-------- Given information --------

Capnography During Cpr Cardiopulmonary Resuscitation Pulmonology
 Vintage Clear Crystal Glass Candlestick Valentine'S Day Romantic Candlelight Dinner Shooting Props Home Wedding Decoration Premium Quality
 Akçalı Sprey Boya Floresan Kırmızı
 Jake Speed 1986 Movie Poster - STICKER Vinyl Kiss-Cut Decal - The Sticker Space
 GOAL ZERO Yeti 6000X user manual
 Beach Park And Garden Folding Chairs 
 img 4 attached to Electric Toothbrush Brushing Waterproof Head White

--------
-------- Given information --------

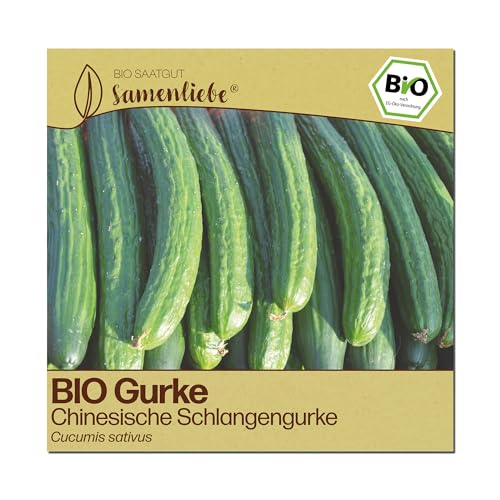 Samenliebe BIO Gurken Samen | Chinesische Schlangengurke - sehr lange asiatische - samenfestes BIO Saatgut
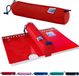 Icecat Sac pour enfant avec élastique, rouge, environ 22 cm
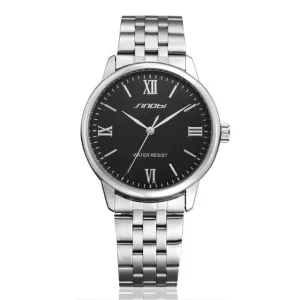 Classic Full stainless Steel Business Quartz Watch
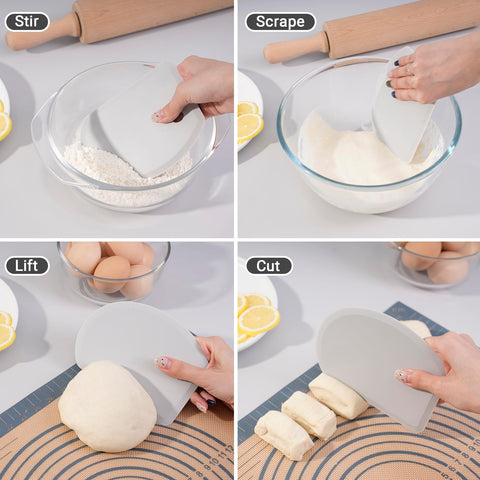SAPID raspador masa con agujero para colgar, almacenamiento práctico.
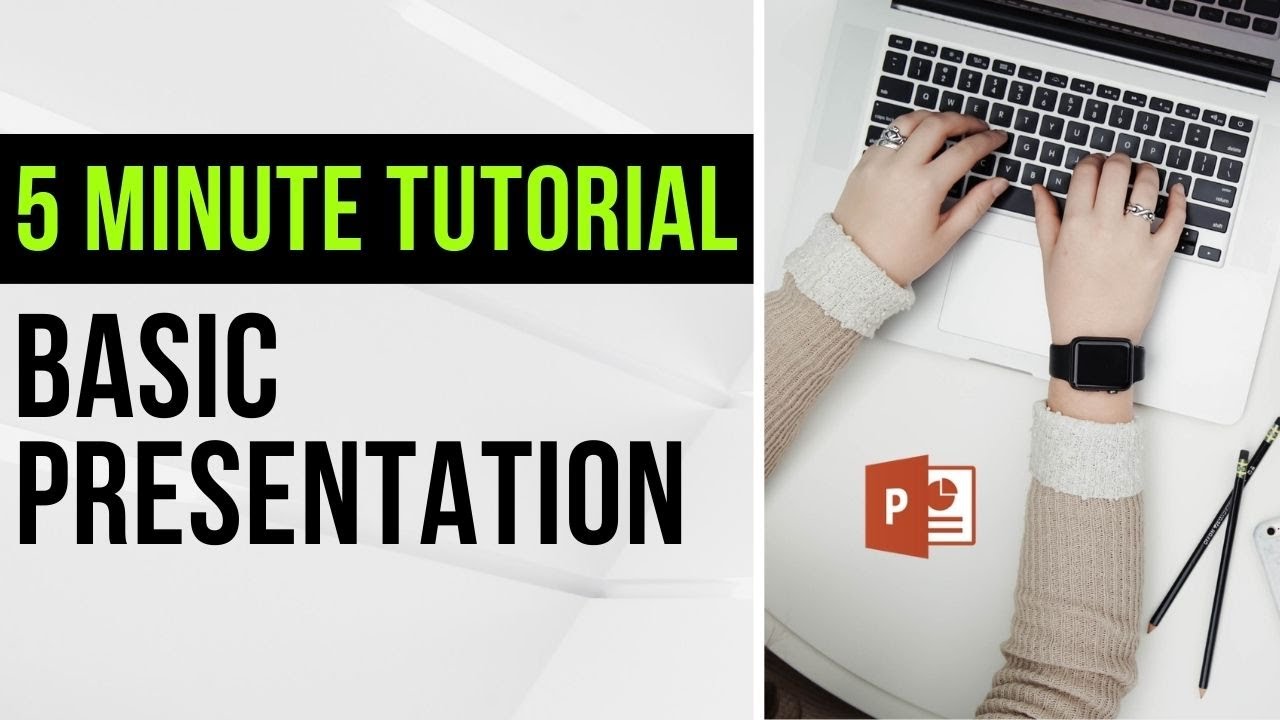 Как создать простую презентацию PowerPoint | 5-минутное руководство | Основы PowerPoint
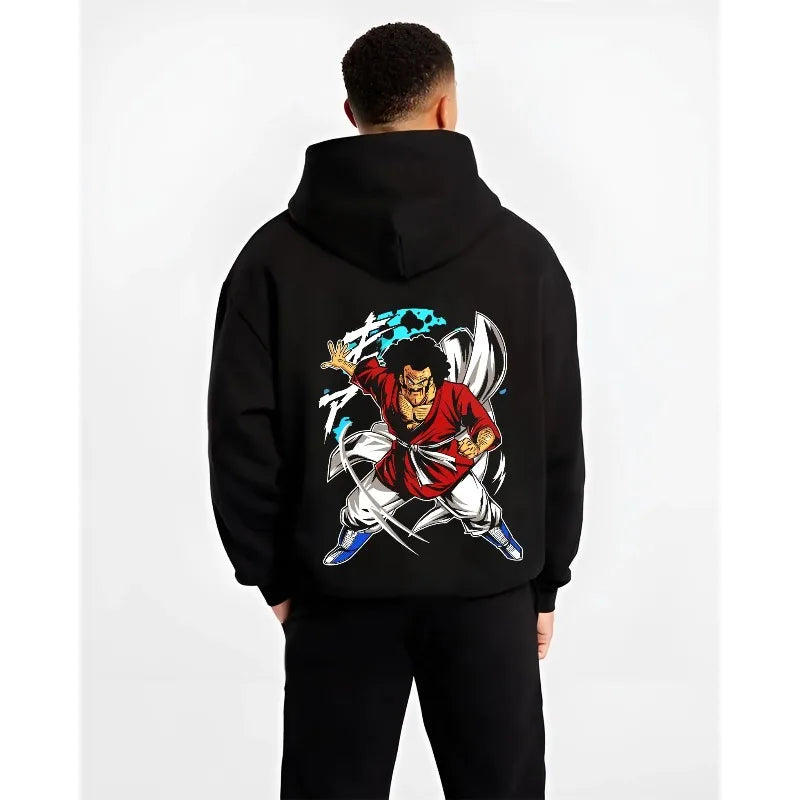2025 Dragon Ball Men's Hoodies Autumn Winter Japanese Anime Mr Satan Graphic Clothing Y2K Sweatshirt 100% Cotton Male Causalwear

--------

## Instructions for the task
When you reach the line with "Capnography During Cpr" in the records above, start writing out lines exactly, and stop once the line with "img 4 attached" has been written; include nothing else.

## Response to the task
Capnography During Cpr Cardiopulmonary Resuscitation Pulmonology
 Vintage Clear Crystal Glass Candlestick Valentine'S Day Romantic Candlelight Dinner Shooting Props Home Wedding Decoration Premium Quality
 Akçalı Sprey Boya Floresan Kırmızı
 Jake Speed 1986 Movie Poster - STICKER Vinyl Kiss-Cut Decal - The Sticker Space
 GOAL ZERO Yeti 6000X user manual
 Beach Park And Garden Folding Chairs 
 img 4 attached to Electric Toothbrush Brushing Waterproof Head White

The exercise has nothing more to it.